(Supplied entries begins)

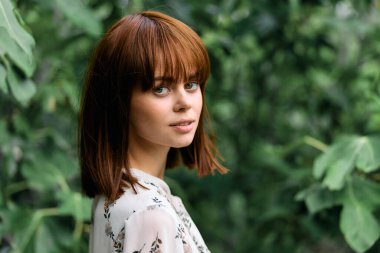 Çevresi gür yeşil ağaçlar ve bitkilerle çevrili kısa saçlı genç bir kadın.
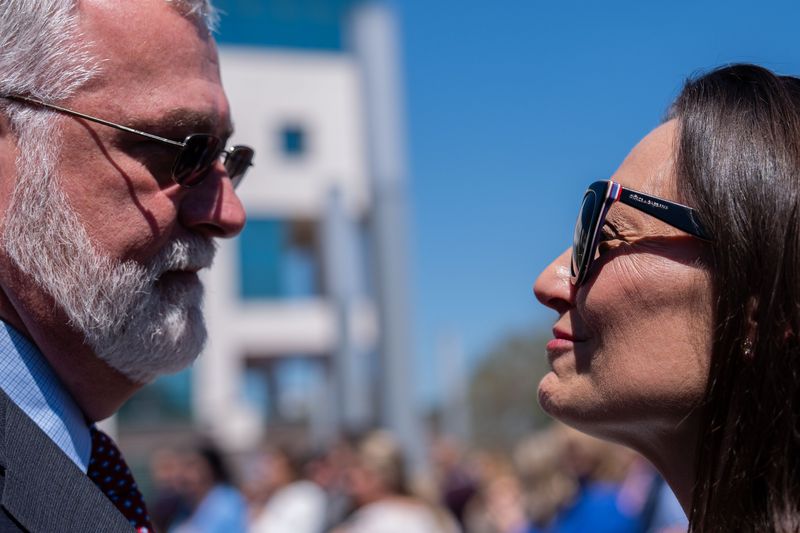 Senate President Ben Albritton, left, talks with the Florida Democratic Party Chairwoman Nikki Fried before Gov. Ron DeSantis holds a press conference in Tallahassee, Florida on Tuesday, March 25, 2025.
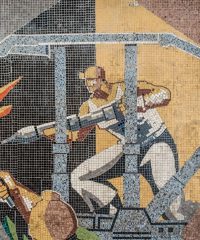 Detail of a large mosaic panel by artist Ladislau Schmidt on the interior wall in administrative building at Petrila Coal Mine.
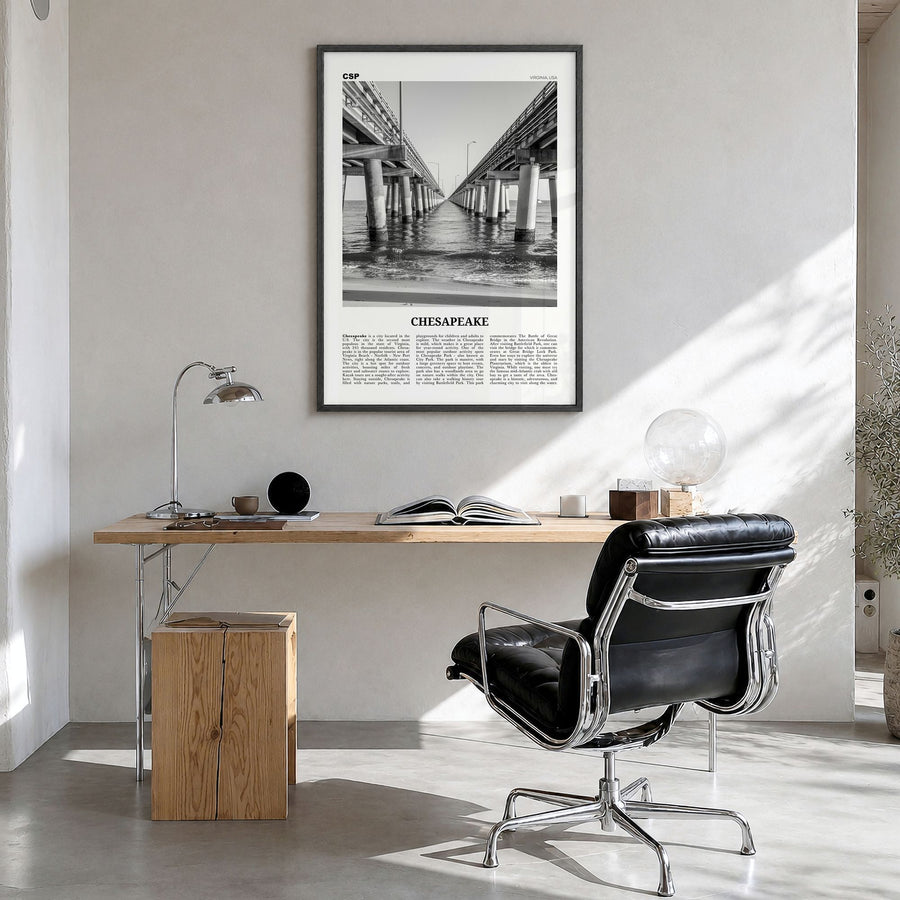 Chesapeake Newspaper Poster in a black wood frame, hanging in a bright home office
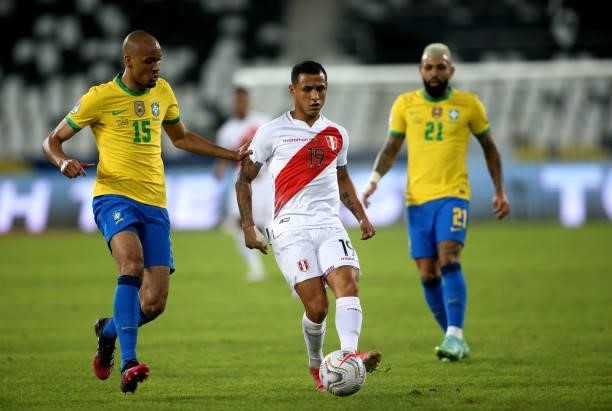 Yoshimar Yotun of Peru competes for the ball with Fabinho of Brazil during the match between Brazil and Peru as part of the Conmebol Copa America...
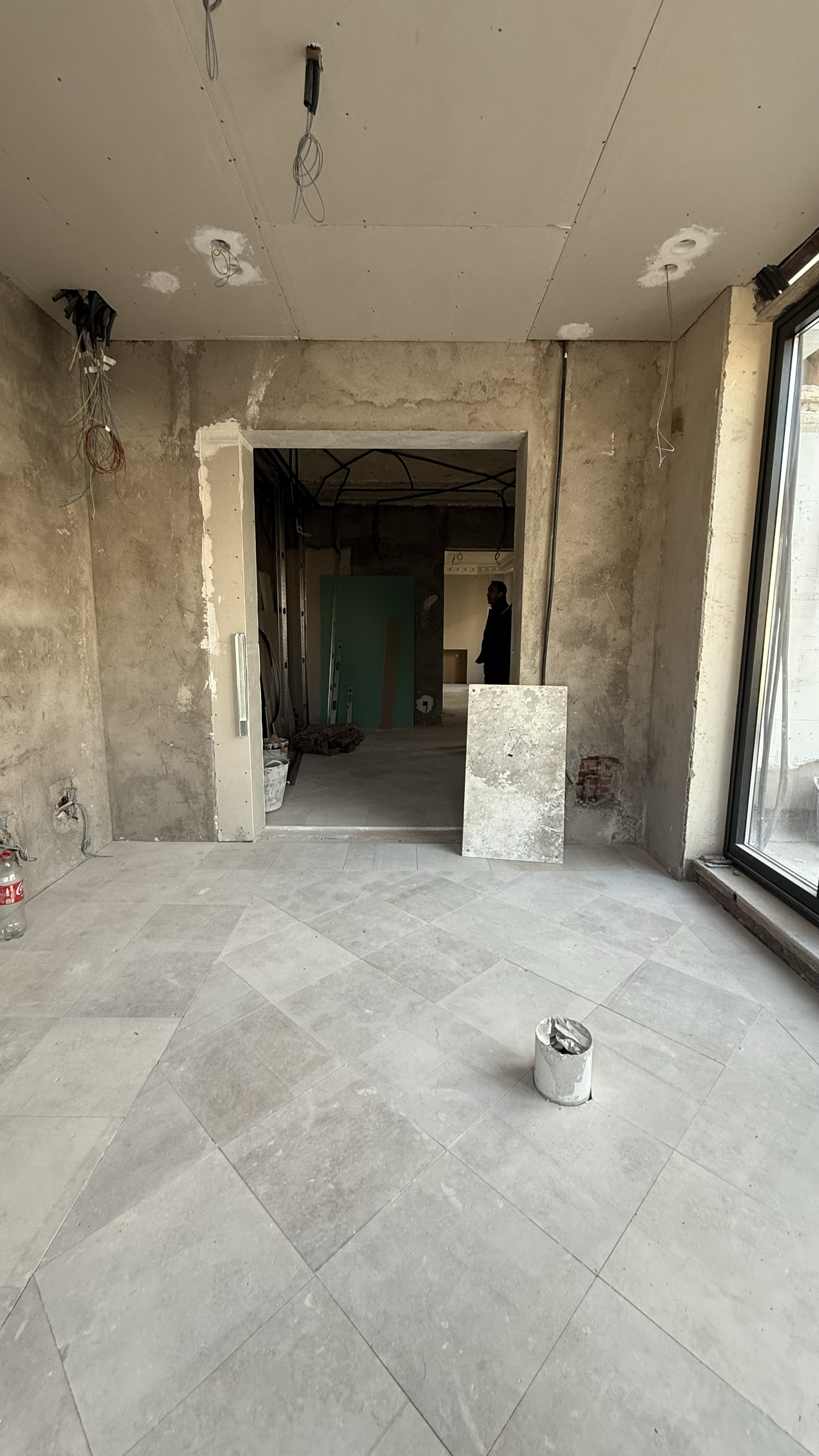 Interior of a room under renovation, with exposed drywall, construction materials, and partially finished tiled floor, and a man standing in the background.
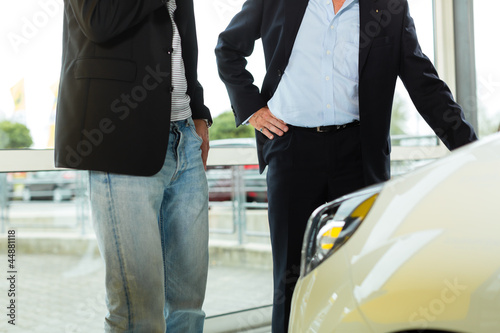 Photo: Man buying car from salesperson Man buying car from salesperson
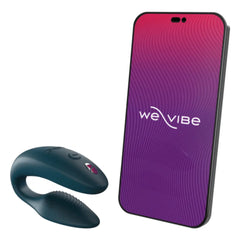 We-Vibe Sync vibrator beside a smartphone showing the We-Vibe app interface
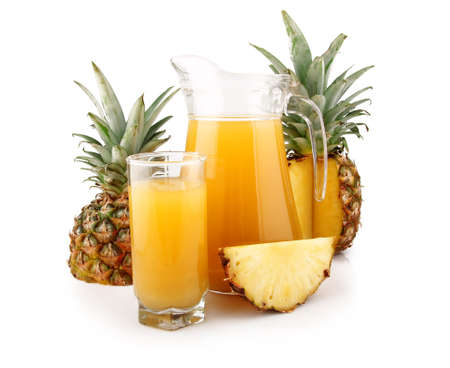 Jug and glass of pineapple juice with fruits isolated on white backgroundの写真素材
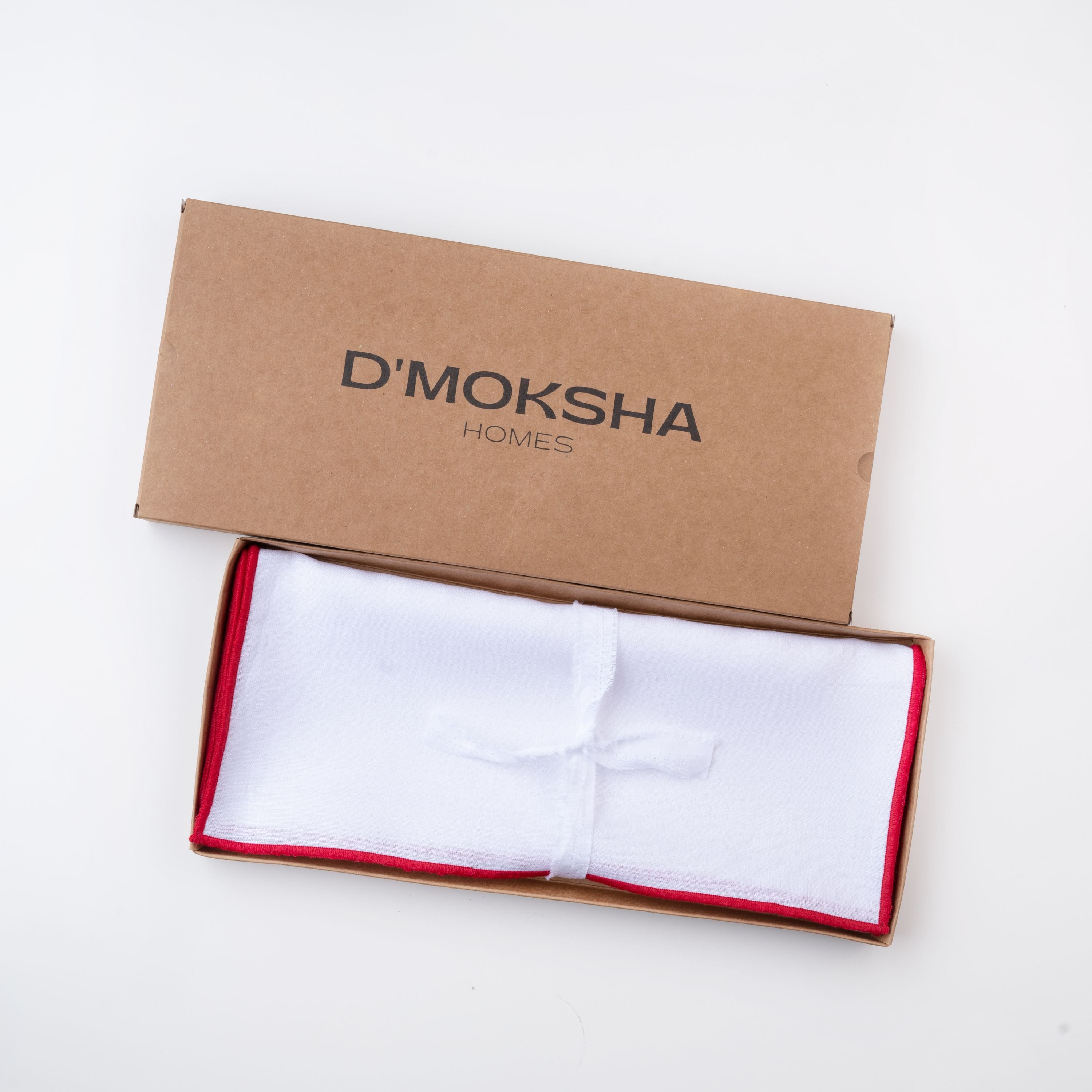 White and red pure linen placemats in a set table setting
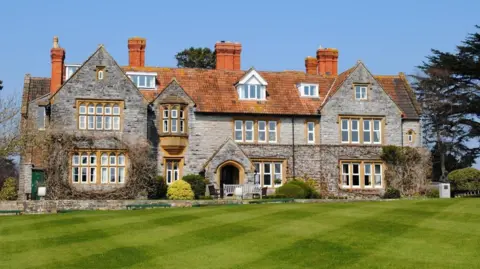 Millfield School An exterior view of Millfield School, showing an old stone building in the sunshine, with blue skies behind it and large trees to each side. In front is an immaculately mown lawn cut with a diamond pattern.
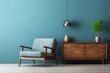 © 2rogan - Living room interior with blue wall, wood floor, and armchair on wood cabinet, 3D render.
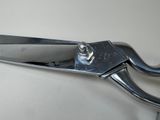 a close up of a pair of scissors on a table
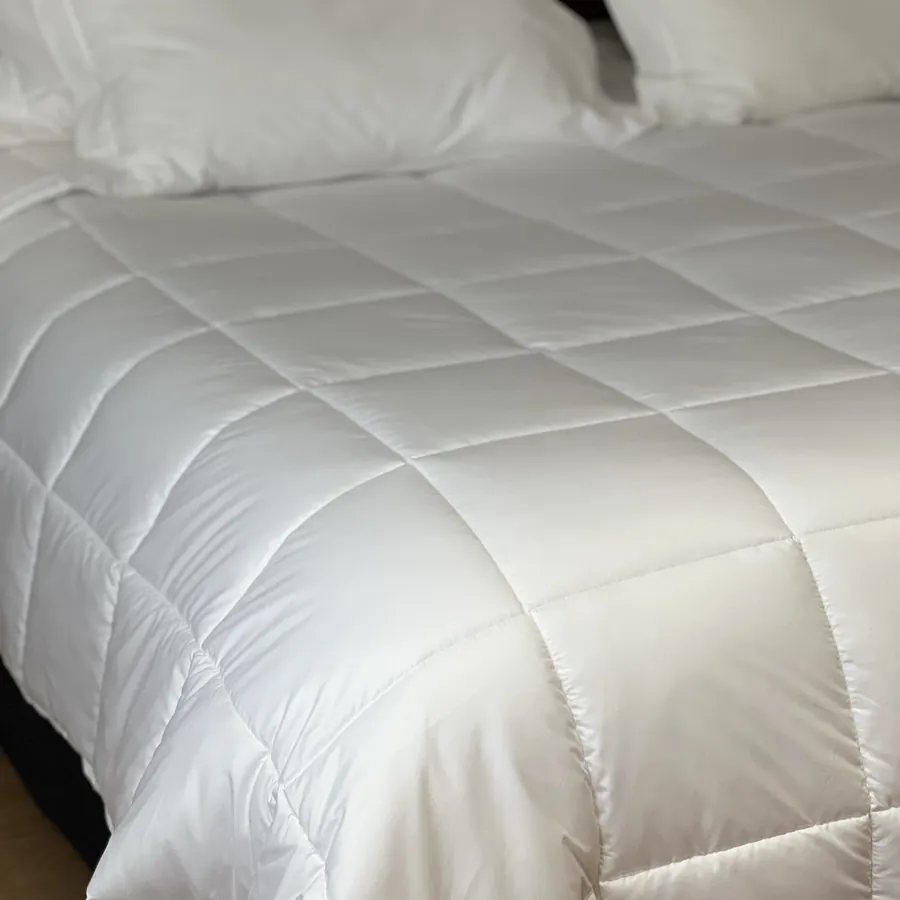 Acolchado blanco con pespunte cuadriculado extendido sobre la cama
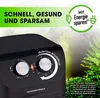 A close-up of a black air fryer with control dials, set against a blurred background of green foliage and a promotional graphic. Produktbild-Vorschau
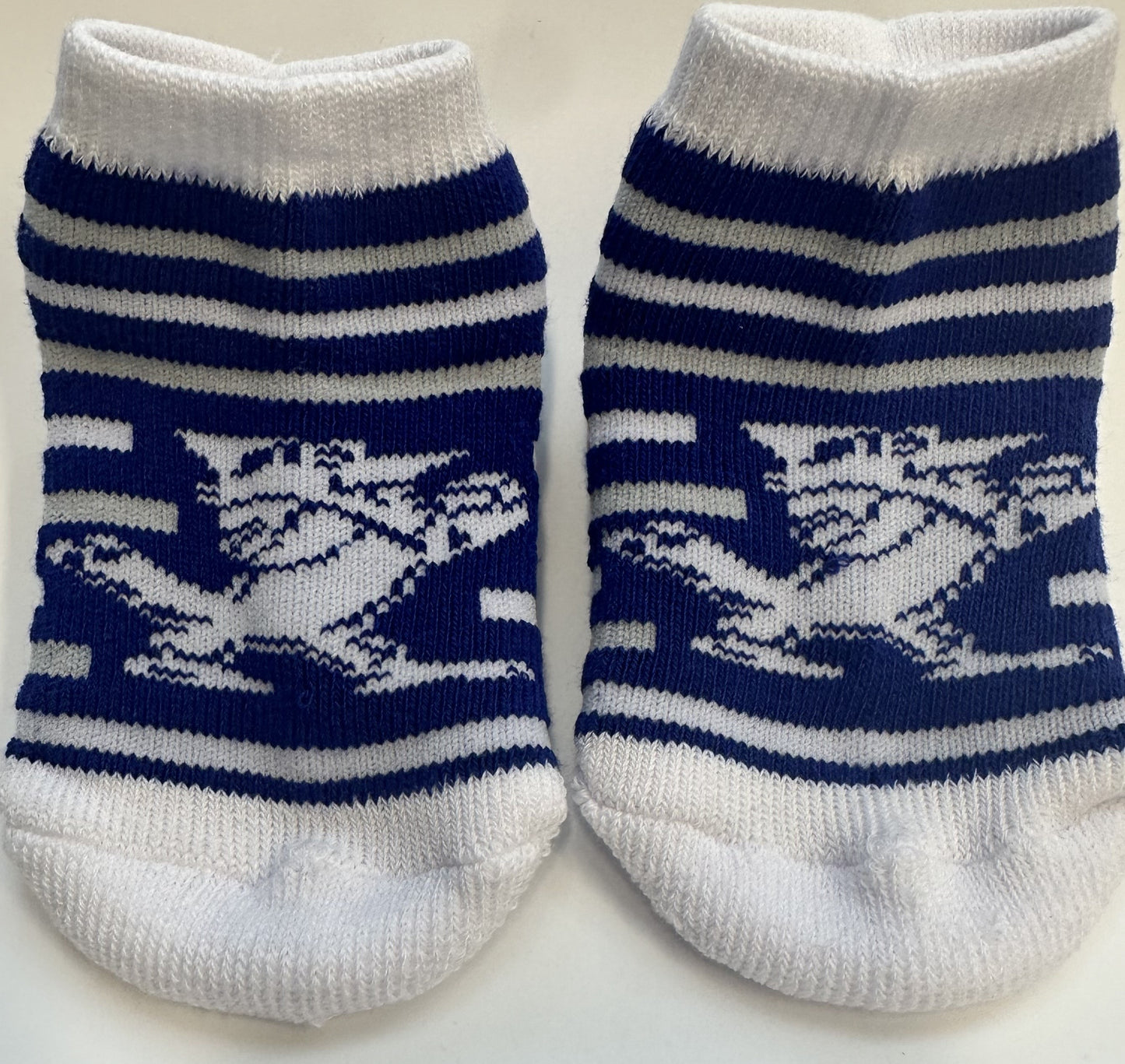 TCK Sock Collection.  97% Polyester/3% Spandex.  These booties have breathe-able construction, a form-fit band on top and a padded sole & toe-box.   Available in 2 sizes - Infant (6-18 month) & Toddler (2-4T).  Features our Fighting Blue Jay, Jayson!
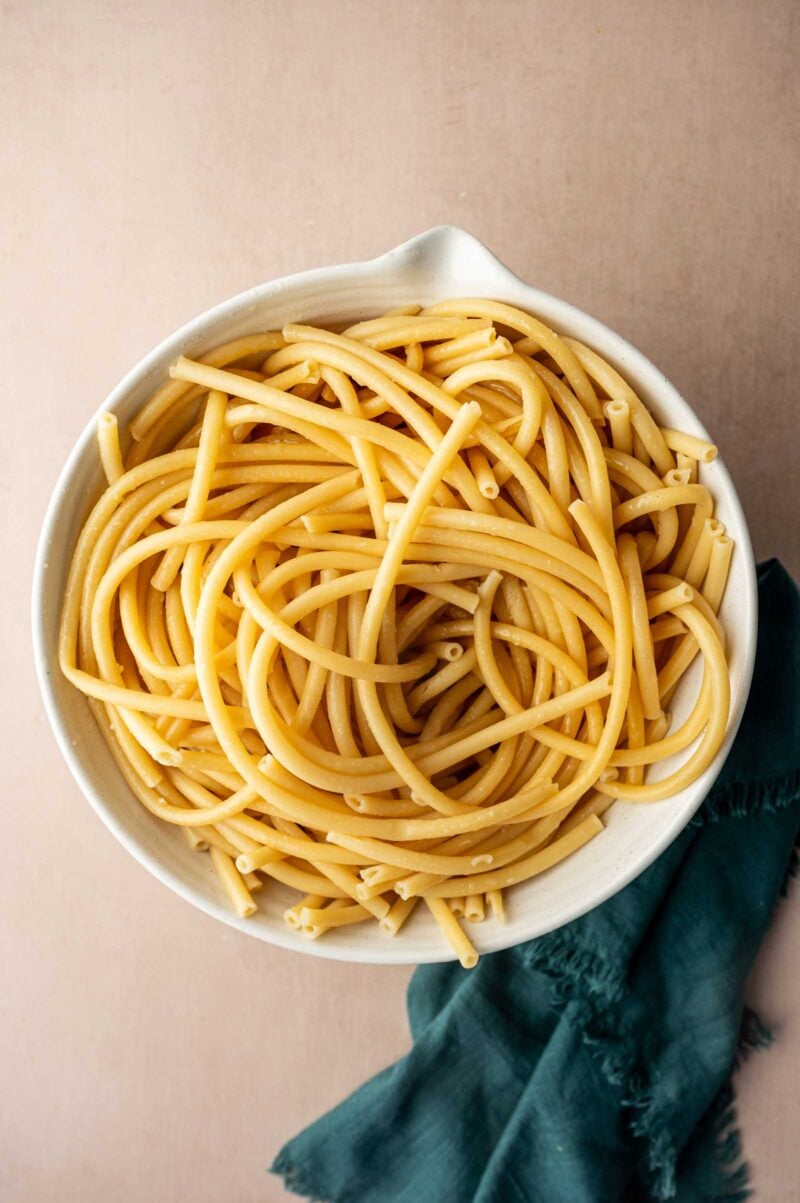 A white bowl filled with cooked bucatini pasta sits on a light surface next to a dark green cloth napkin.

(Supplied entries ends)

◆ Brief:
Copy nothing past the line containing "A close-up of": reproduce every line from the start of the records up to it, skipping pictures.

◆ Reply:
 Çevresi gür yeşil ağaçlar ve bitkilerle çevrili kısa saçlı genç bir kadın.
 Senate President Ben Albritton, left, talks with the Florida Democratic Party Chairwoman Nikki Fried before Gov. Ron DeSantis holds a press conference in Tallahassee, Florida on Tuesday, March 25, 2025.
 Detail of a large mosaic panel by artist Ladislau Schmidt on the interior wall in administrative building at Petrila Coal Mine.
 Chesapeake Newspaper Poster in a black wood frame, hanging in a bright home office
 Yoshimar Yotun of Peru competes for the ball with Fabinho of Brazil during the match between Brazil and Peru as part of the Conmebol Copa America...
 Interior of a room under renovation, with exposed drywall, construction materials, and partially finished tiled floor, and a man standing in the background.
 Photo: Man buying car from salesperson Man buying car from salesperson
 We-Vibe Sync vibrator beside a smartphone showing the We-Vibe app interface
 Jug and glass of pineapple juice with fruits isolated on white backgroundの写真素材
 White and red pure linen placemats in a set table setting
 Millfield School An exterior view of Millfield School, showing an old stone building in the sunshine, with blue skies behind it and large trees to each side. In front is an immaculately mown lawn cut with a diamond pattern.
 © 2rogan - Living room interior with blue wall, wood floor, and armchair on wood cabinet, 3D render.
 a close up of a pair of scissors on a table
 Acolchado blanco con pespunte cuadriculado extendido sobre la cama
 A close-up of a black air fryer with control dials, set against a blurred background of green foliage and a promotional graphic. Produktbild-Vorschau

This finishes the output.